The single most underused move in agentic coding is the long-lived fork — one agent that accumulates context across an entire investigation-to-commit pipeline, instead of an army of fresh agents each rediscovering the world from scratch.

Re-discovery is the cost hiding in plain sight. Stop paying it twice.

FAQ

What is a coding agent?

A coding agent is an AI system that can read a codebase, run searches and tests, edit files, and carry out multi-step engineering tasks with limited human direction — rather than just autocompleting a line at a time.
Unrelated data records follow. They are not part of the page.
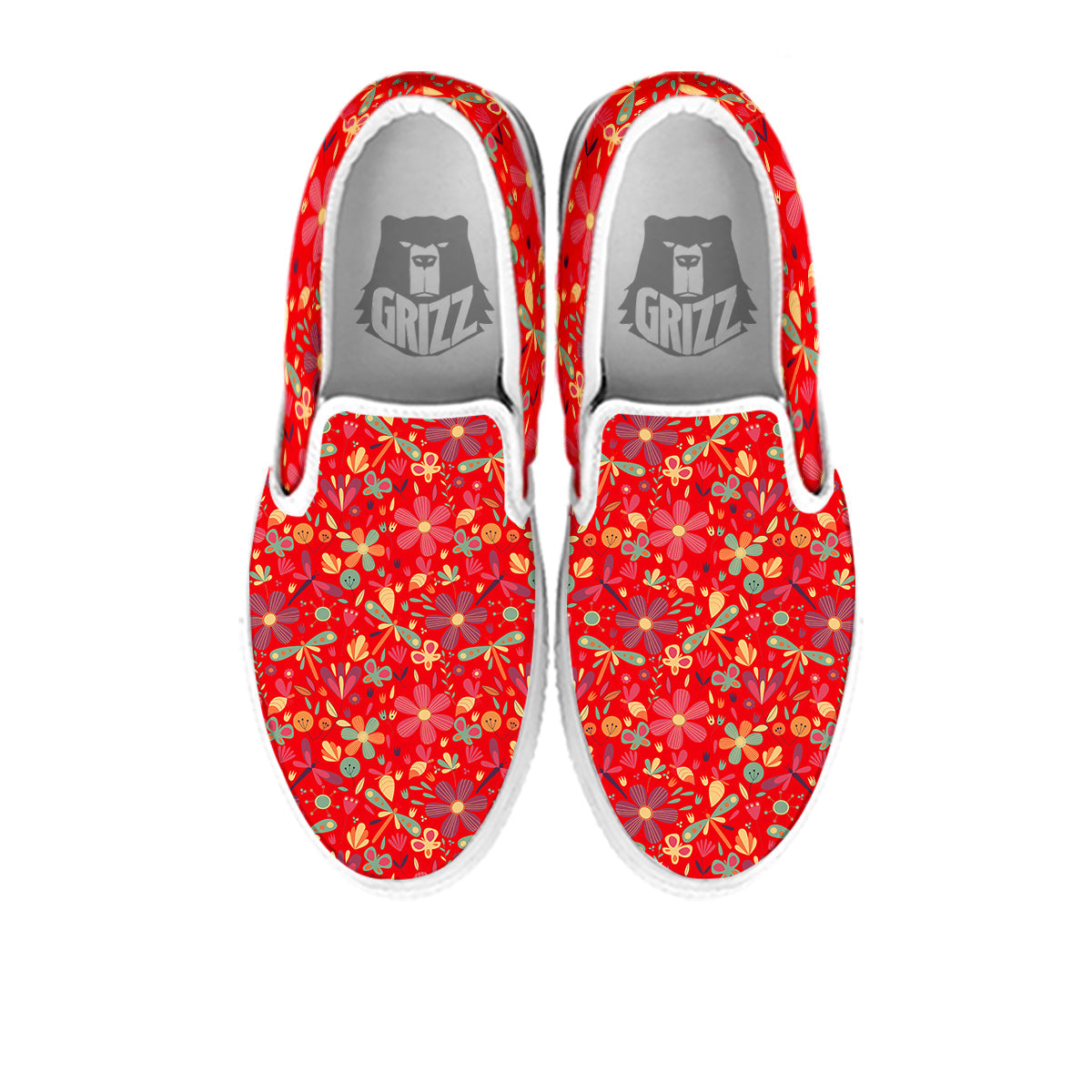 Floral Dragonfly Christmas Print Pattern White Slip On Shoes-grizzshop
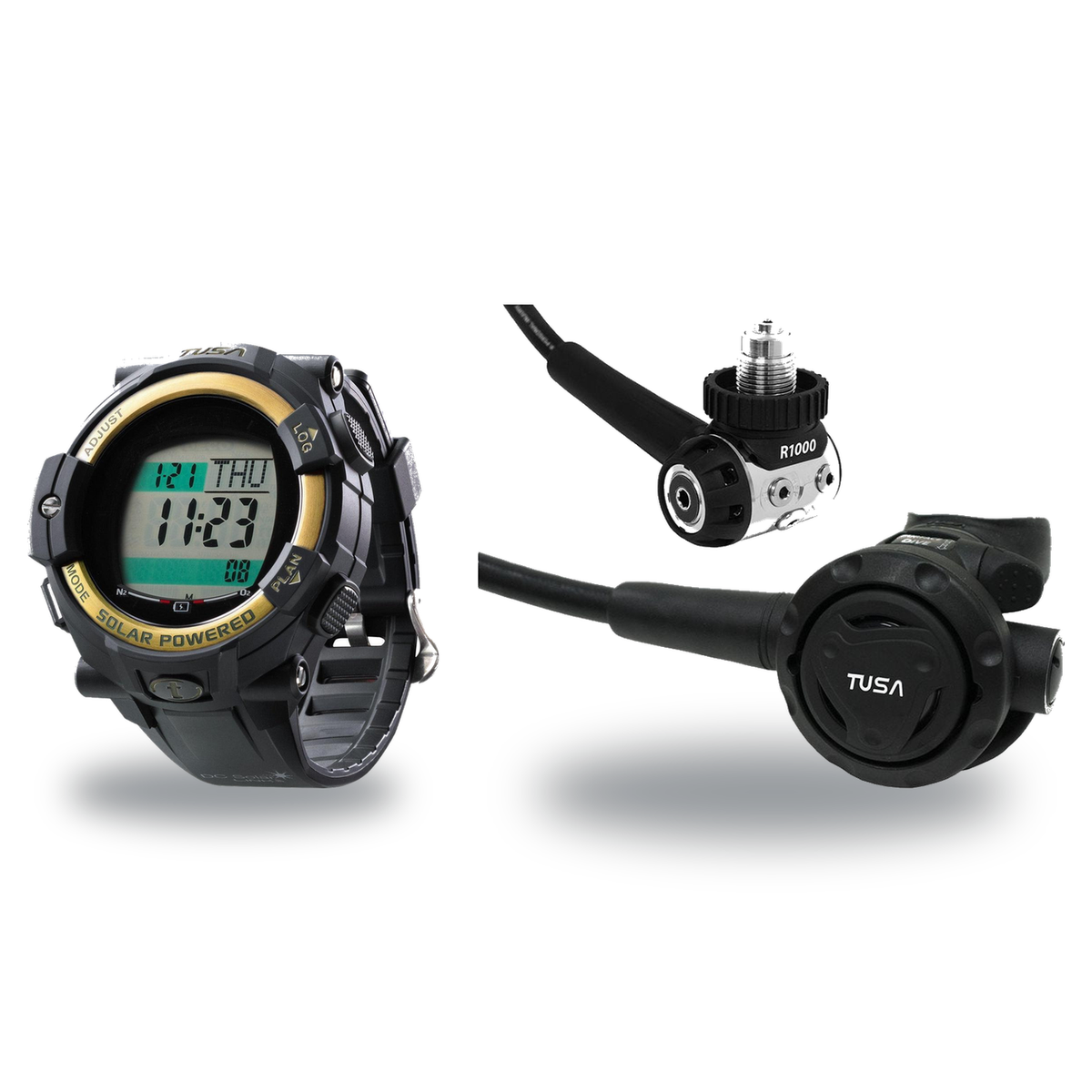 Tusa Regulator + Dive Computer Package – RS-790 Regulator + DC Solar Link Dive Computer — Tusa RS1001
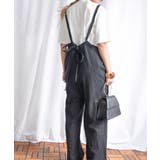 ブラック | Linen blend salopette | ARGO TOKYO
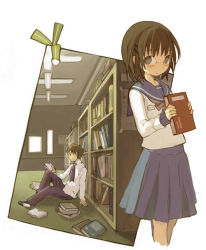 Rule 34 | 1boy, 1girl, asami (artist), book, bookshelf, glasses, library, original, school uniform, serafuku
What is a fork in agentic coding?

A fork is a delegated agent that inherits the parent agent's full conversation and context, then runs on its own — usually in the background — and reports back a summary. Think of it like branching a session: the child starts already knowing everything the parent figured out, so it skips the re-discovery work a fresh subagent would have to repeat. Because it runs in the background, its noisy tool output never lands back in the main context window. That's what makes it the middle path — lean main context without re-paying the understanding tax. The exact mechanics vary by tool; some frameworks call this session cloning, resuming, or background subagents.

How do you reduce token usage in agentic coding?

Keep work inline when you already hold the relevant context, since nothing has to be re-loaded. Avoid firing off multiple fresh subagents for tasks that share files — that forces each one to re-discover the same code and multiplies your token spend.

When should you use subagents vs. a fork?

Use fresh subagents for independent tasks with little shared context when you want hard isolation. Use a fork when the tasks overlap and you want to protect the main context without re-paying the re-discovery tax.

How do you manage the context window in a long agent session?

Push noisy, output-heavy work out of the main session — but prefer a fork over fresh subagents when that work builds on context you've already established, so the orchestrating agent's window stays lean without losing continuity.